Exploration Costs Pre-Discovery of Hydrocarbons

Costs for onshore seismic methods are estimated to be between $8,000 and $50,000 per square kilometer depending on the terrain and the technology used to perform the scanning operation (Bret-Rouzaut and Favennec 125)(Cooper). In the case of Texas, the flat land and low-risk environment suggests a cost on the lower end of the range. As this price derives its value from a number of underlying factors such as manpower, movement and lease of equipment, number of days required, a triangular distribution was chosen. An additional $500 per kilometer was added to include the cost of processing (Bret-Rouzaut and Favennec 127). Finally, a second triangular distribution for the analysis of the data was added. This distribution was once again chosen as the cost of the analysis is based on the terrain, equipment used, and challenge of interpretation. The stated range of $100,000 - $1,000,000 includes values from the simplest output, to the most challenging (Bret-Rouzaut and Favennec 127). As Texas is a desert with minimal surface features such as mountains or other major geological features, a low cost is realistic. However, due to a lack of experience in the industry, a conservative mode of $500,000 was chosen. The time spent on this stage is not factored into the overall project duration as it is only after this stage that the commitment to drilling the exploratory well is taken. Before this decision is made, the following models would need to be re-run with the actual cost of the initial study included.

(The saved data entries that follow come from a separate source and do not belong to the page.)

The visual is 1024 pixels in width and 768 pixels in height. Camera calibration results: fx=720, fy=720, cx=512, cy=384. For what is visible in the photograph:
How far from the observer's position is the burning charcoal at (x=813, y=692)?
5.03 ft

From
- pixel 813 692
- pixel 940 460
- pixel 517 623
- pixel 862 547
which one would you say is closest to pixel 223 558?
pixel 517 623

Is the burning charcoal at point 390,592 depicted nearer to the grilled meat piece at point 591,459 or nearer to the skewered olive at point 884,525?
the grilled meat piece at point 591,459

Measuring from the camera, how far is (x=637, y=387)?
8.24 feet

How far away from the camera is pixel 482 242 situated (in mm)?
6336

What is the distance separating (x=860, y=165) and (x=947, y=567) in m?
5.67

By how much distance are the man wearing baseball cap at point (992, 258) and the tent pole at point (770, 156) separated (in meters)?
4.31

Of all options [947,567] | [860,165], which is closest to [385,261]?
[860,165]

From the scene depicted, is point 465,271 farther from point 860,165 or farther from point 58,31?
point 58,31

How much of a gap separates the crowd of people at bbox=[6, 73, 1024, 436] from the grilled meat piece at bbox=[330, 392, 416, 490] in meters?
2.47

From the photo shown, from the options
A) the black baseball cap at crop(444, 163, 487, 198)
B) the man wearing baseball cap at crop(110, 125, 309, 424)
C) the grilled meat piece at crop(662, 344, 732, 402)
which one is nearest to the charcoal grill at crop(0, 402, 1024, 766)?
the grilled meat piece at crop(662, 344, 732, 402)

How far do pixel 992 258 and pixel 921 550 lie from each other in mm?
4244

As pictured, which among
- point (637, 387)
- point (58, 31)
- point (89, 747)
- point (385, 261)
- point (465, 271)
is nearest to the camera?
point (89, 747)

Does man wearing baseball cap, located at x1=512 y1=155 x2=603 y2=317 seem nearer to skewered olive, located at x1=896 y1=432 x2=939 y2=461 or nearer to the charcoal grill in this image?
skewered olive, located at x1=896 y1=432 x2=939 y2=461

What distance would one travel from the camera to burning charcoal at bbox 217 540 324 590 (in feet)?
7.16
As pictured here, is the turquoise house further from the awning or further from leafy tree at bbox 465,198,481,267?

def preHydrocarbonExpense():
	seismicCost = np.random.triangular(8,16,50) #single value for simulation
	seismicCost += 0.5 # Add processing cost of $500/km
	seismicCost += np.random.triangular(100,500,1000) # Add the cost of analysis of the data
	return seismicCost

Distribution with n= 10,000 Total Seismic Cost Descriptive Statistics

Probability of Finding Oil

Now that the initial study has found appropriate sites for drilling, there is still a chance that the well does not actually strike oil. This situation is called a dry well or dry hole. The model for this probability is provided by the following equation:

$$ P_{Successful\ Well} = P_{Hydrocarbons} \times P_{Reservoir} \times P_{Seal} \times P_{Structure} $$ (Mun 18)

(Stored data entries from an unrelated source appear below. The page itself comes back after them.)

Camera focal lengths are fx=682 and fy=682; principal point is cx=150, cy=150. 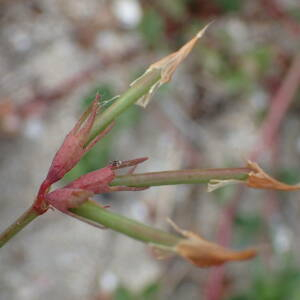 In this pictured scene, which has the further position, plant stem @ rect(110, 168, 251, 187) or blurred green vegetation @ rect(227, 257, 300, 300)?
blurred green vegetation @ rect(227, 257, 300, 300)

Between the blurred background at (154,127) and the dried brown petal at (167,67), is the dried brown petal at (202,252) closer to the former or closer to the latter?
the dried brown petal at (167,67)

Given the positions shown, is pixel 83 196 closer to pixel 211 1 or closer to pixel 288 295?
pixel 288 295

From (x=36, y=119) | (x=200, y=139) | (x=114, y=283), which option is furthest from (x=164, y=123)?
(x=114, y=283)

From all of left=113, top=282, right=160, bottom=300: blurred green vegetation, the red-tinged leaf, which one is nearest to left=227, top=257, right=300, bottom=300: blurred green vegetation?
left=113, top=282, right=160, bottom=300: blurred green vegetation

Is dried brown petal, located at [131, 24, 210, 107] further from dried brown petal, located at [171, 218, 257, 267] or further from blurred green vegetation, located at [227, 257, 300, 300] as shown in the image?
blurred green vegetation, located at [227, 257, 300, 300]

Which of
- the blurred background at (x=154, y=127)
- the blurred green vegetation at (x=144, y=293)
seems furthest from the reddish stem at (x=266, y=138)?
the blurred green vegetation at (x=144, y=293)

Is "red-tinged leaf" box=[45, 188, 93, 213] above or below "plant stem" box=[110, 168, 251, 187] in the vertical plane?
above

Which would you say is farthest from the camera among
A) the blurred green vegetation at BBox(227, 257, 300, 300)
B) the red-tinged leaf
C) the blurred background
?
the blurred background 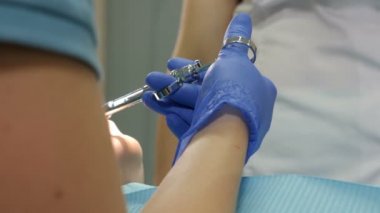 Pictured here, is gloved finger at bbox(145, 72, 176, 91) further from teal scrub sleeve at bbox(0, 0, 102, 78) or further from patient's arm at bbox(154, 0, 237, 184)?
teal scrub sleeve at bbox(0, 0, 102, 78)

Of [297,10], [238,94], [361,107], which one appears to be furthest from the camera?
[297,10]

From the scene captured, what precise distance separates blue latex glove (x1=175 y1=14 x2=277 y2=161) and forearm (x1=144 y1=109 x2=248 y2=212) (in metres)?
0.01

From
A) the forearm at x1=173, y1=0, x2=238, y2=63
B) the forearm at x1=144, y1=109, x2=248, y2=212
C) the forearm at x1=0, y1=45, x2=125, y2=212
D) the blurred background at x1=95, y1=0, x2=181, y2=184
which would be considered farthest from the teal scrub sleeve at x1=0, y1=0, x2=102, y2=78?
the blurred background at x1=95, y1=0, x2=181, y2=184

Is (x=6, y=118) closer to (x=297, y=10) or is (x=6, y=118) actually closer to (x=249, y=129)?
(x=249, y=129)

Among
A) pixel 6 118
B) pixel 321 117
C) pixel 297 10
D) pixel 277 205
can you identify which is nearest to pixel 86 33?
pixel 6 118

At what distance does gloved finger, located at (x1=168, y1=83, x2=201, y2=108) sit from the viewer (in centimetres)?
87

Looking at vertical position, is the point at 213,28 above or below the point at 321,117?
above

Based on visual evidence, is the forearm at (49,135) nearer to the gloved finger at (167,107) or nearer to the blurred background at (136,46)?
→ the gloved finger at (167,107)

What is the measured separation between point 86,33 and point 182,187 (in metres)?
0.31

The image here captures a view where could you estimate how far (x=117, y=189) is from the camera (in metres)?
0.37

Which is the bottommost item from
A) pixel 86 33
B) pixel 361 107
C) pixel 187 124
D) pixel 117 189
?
pixel 361 107

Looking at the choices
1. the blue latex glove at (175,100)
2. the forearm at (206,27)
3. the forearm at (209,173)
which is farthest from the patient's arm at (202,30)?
the forearm at (209,173)

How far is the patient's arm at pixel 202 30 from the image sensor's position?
4.07ft

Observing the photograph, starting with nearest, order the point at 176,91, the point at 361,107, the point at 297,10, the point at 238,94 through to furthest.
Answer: the point at 238,94 < the point at 176,91 < the point at 361,107 < the point at 297,10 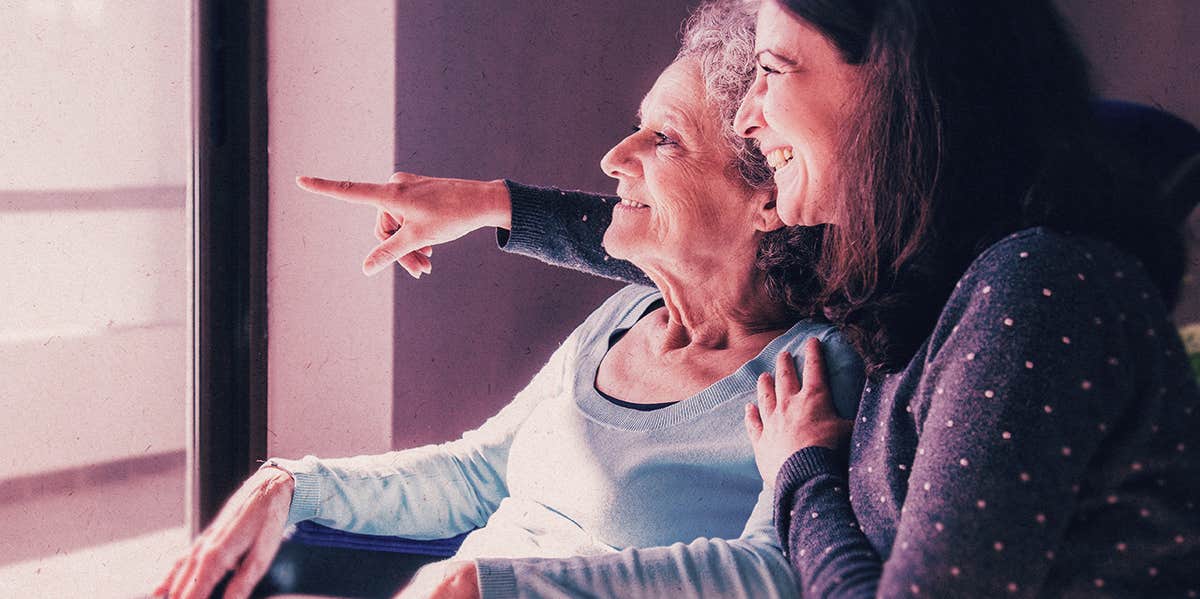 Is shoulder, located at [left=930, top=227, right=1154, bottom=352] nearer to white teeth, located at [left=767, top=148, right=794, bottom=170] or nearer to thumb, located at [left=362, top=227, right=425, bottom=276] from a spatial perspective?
white teeth, located at [left=767, top=148, right=794, bottom=170]

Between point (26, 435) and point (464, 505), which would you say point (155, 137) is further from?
point (464, 505)

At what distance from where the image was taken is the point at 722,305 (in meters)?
1.43

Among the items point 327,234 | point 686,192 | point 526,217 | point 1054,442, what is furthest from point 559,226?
point 1054,442

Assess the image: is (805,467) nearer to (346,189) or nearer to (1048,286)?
(1048,286)

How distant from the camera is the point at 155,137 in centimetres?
205

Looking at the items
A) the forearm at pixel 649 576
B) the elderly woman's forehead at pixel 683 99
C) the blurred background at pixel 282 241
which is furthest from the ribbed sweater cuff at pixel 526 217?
the forearm at pixel 649 576

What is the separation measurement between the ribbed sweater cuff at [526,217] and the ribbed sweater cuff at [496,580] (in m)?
0.61

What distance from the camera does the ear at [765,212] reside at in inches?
54.8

Mun's model for the probability of a dry-hole is one of the few available, however technology has significantly improved since the publication of the book (Mun 19). Due to this, the standard deviation of the $P_{Hydrocarbons}$ and $P_{Reservoir}$ has been decreased by 25% in the provided model. This probability will be used to calculate when a well is successful or not in the final simulation.

def dryWellProb():
	techDisc = 0.25 # Discount % for improved technology
	techDisc = 1 - techDisc

	pHydrocarbons = np.random.normal(.99,(.05*techDisc))
	pStructure = np.random.normal(1,0)
	pReservoir = np.random.normal(.75,(.1*techDisc))
	pSeal = np.random.normal(1,0)

	pSuccess = pHydrocarbons * pStructure * pReservoir * pSeal
	return pSuccess

Distribution with n= 10,000 Successful Well Drilling Distribution Descriptive Statistics
mean = 0.74
var = 0.006
max = 1.07
std dev = 0.07
min = 0.44

Exploratory Well Drilling

As oil companies as well as E&P firms rarely own their own drilling platforms, the service must be contracted out to specialized firms. The cost of these operations vary according to two major factors: the time it takes to drill and the depth of the hole.

Some 70-75% of the drilling costs are proportional to the duration of the drilling ... Only 25-30% pf the drilling costs can therefore be estimated with a reasonable degree of precision. These are the costs which depend on the depth drilled (essentially the casing), the cost of the wellhead, etc.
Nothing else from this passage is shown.